Task to carry out: Find the line with "deck with a" in the entries below, then output every line from it down to the line with "A delicious strawberry", exactly and with no pictures.

Data in this exercise:
◆ ◆ ◆ ◆
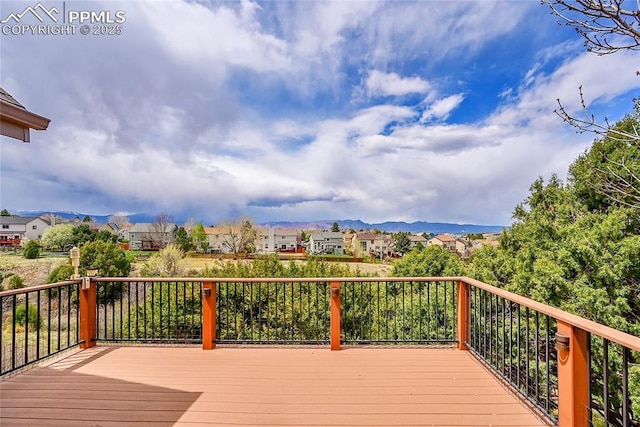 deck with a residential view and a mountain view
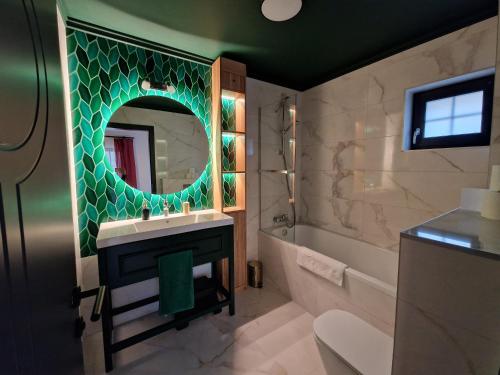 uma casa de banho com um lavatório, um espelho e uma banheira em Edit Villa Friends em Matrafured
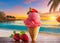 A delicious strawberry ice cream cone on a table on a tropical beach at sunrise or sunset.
◆ ◆ ◆ ◆
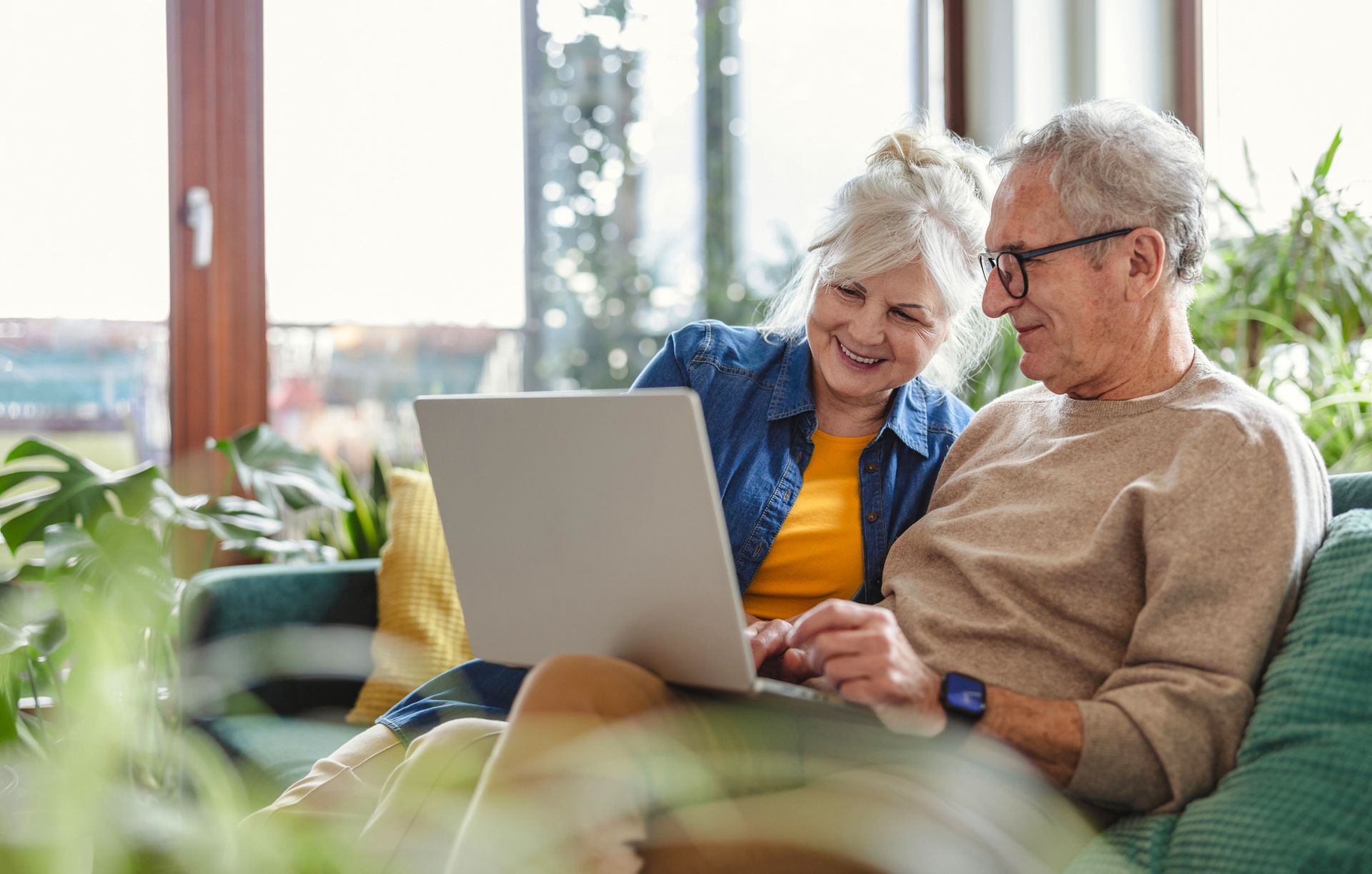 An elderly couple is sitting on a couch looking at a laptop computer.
◆ ◆ ◆ ◆
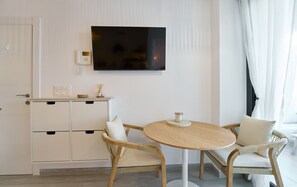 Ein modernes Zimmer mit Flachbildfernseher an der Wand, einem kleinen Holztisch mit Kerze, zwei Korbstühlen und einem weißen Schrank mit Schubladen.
◆ ◆ ◆ ◆
Written solution:
 deck with a residential view and a mountain view
 uma casa de banho com um lavatório, um espelho e uma banheira em Edit Villa Friends em Matrafured
 A delicious strawberry ice cream cone on a table on a tropical beach at sunrise or sunset.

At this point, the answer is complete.